- Roche is deepening its commitment to neuroscience, agreeing to a licensing deal with Ionis to develop two preclinical RNA medicines for Alzheimer’s and Huntington’s diseases, Ionis said Wednesday.
- Per deal terms, Roche is paying $60 million upfront for rights to the undisclosed drugs, and will assume responsibility for developing them once they are ready for human trials. Ionis could receive further payments if clinical, regulatory and commercial milestones for the drugs are met.
- Roche has invested heavily in Alzheimer’s drug development, advancing two antibody therapies into Phase 3 testing only to find they didn’t slow disease progression. The Swiss drugmaker has fallen behind rivals Eisai, Biogen and Eli Lilly, which have benefited from recent clinical development successes.
Roche and Ionis have worked together for years. The two are currently collaborating on tominersen, a type of drug called an antisense oligonucleotide that blocks the expression of a protein mutated in Huntington’s disease. That drug is in a Phase 2 trial measuring biologic signs of disease as well as patient function.
They also have partnered on an antisense drug Roche is testing in kidney disease and Ionis is studying as a treatment for an age-related eye disorder.
In Alzheimer’s, Roche was among the early innovators to develop antibody drugs capable of blocking a protein called amyloid that accumulates in the brains of people with the disease. Roche hit clinical setbacks, as did Lilly, Biogen and Eisai.
Now, however, Eisai’s Biogen-partnered drug Leqembi is approved in the U.S. and Lilly’s donanemab is under Food and Drug Administration review.

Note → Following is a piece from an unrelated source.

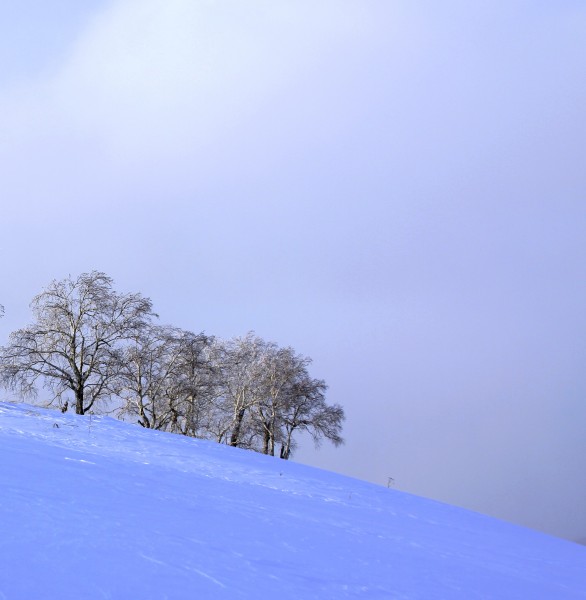 黑龙江海林二浪河雪景图片(17张)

Roche hasn’t fully ended its anti-amyloid drug work yet, continuing tests of one called crenezumab in people who have an inherited form of Alzheimer’s. It’s also still studying a formulation of the twice-failed drug gantenerumab that’s designed to better reach into the brain.

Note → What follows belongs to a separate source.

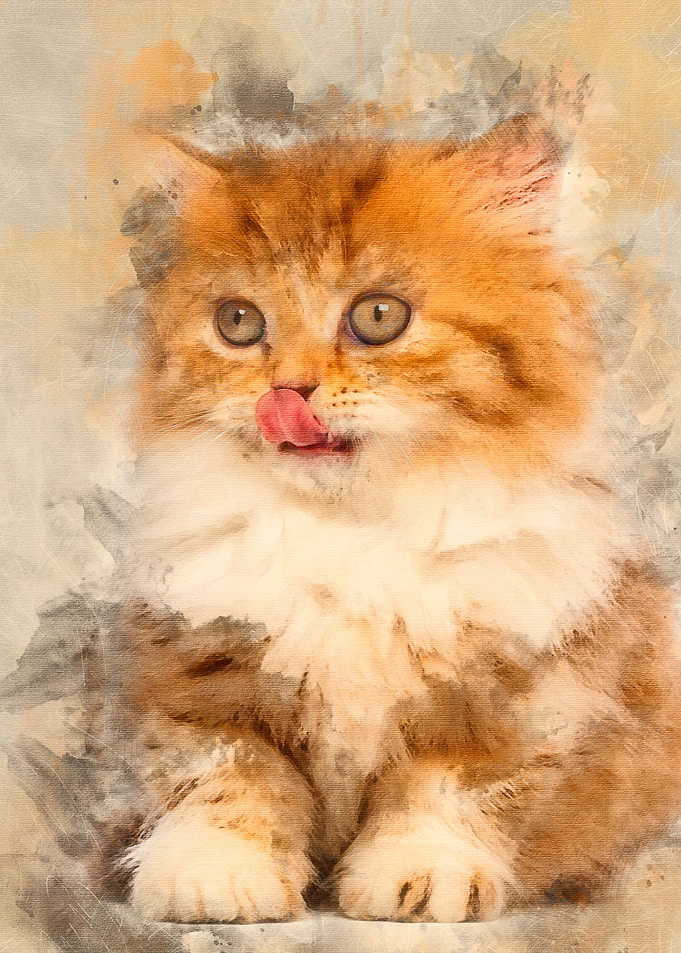 British Longhair kitten 2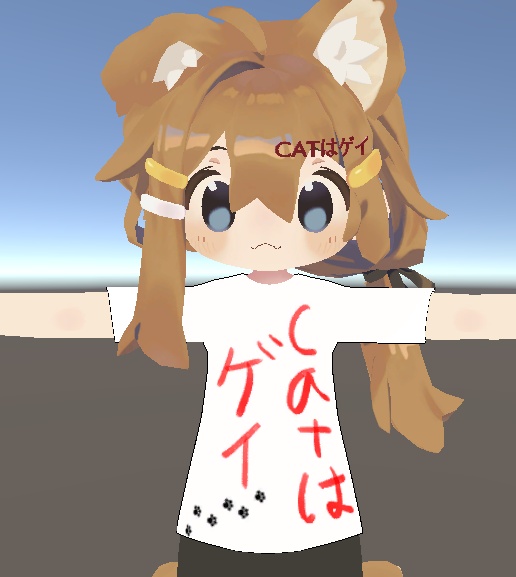 CATGAYTSHIRT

Other mid-stage assets include two antibody drugs that target another protein implicated in Alzheimer’s disease, called tau. The company recently disclosed Phase 1 data from a drug targeting another protein known as gamma secretase that’s related to amyloid buildup.
Huntington’s disease has proven nearly as difficult as Alzheimer’s to treat, with approved medicines so far only able to reduce involuntary movements. Ionis and Roche are among several companies seeking to help patients by blocking mutant proteins, although their drug tominersen has had setbacks, too.
The Ionis deal signals Roche wants to keep stocking its pipeline with new approaches for treating Alzheimer’s and Huntington’s. Ionis demonstrated that it can successfully develop a drug for a degenerative neurological disorder when Biogen gained FDA approval for Qalsody, an Ionis-invented treatment for amyotrophic lateral sclerosis.